Letztlich offenbart sich an der jährlichen Forderung nach einem Feuerwerksverbot nur der gesellschaftliche Egoismus: Ich fühle mich durch dies und das behelligt, das will ich nicht ertragen, also hinfort damit. Auf diesem fürchterlich asozialen Level läuft inzwischen ein guter Teil aller Petitionen und sonstigen Initiativen. Sie wollen entweder die eigene Weltsicht für alle verbindlich machen, oder sie wehren sich eben gegen jede Lebensäußerung, die nicht im Takt mit der eigenen schwingt. Die einen rebellieren gegen das “Tanzverbot” am stillen Feiertag, andere gegen jeden Hauch von Rauch; den einen passt der Straßenkarneval nicht und anderen Essensgeruch in der Straßenbahn; dieser dreht durch, wenn eine Brust öffentlich wird, und sei’s nur zum Füttern des Kindes, jene echauffiert sich übers wahrnehmbare Wasserlassen. Und meinem verehrten Tucholsky wurden ein paar Schräubchen locker, wenn irgendwo ein Hund bellte.

Es kann ein jeder nur dann nach seiner Fasson selig werden, wenn es eine gewisse Toleranz gibt für Tangierungen durch andere Heilsprozesse.

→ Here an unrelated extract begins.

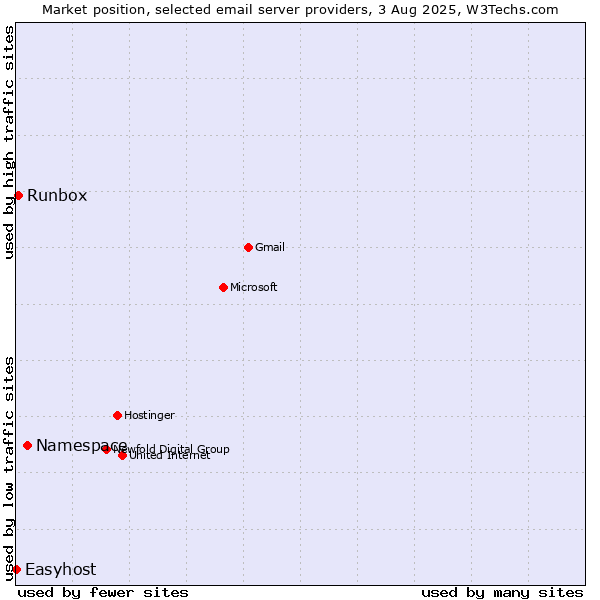 Market position of Namespace vs. Runbox vs. Easyhost
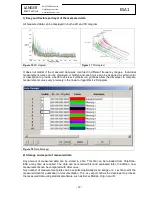 Предварительный просмотр 12 страницы LANGER EMV-Technik ESA1 User Manual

Dazu gehört selbstverständlich, mit Inbrunst für ein Feuerwerksverbot trommeln zu dürfen.

Der Journalismus allerdings könnte irgendwann mal zur Recherche statt Labertüte greifen – und das Thema klären, um uns fortan mit Neuem zu behelligen, die Grenzen der Toleranz gerne intellektuell strapaziös auslotend.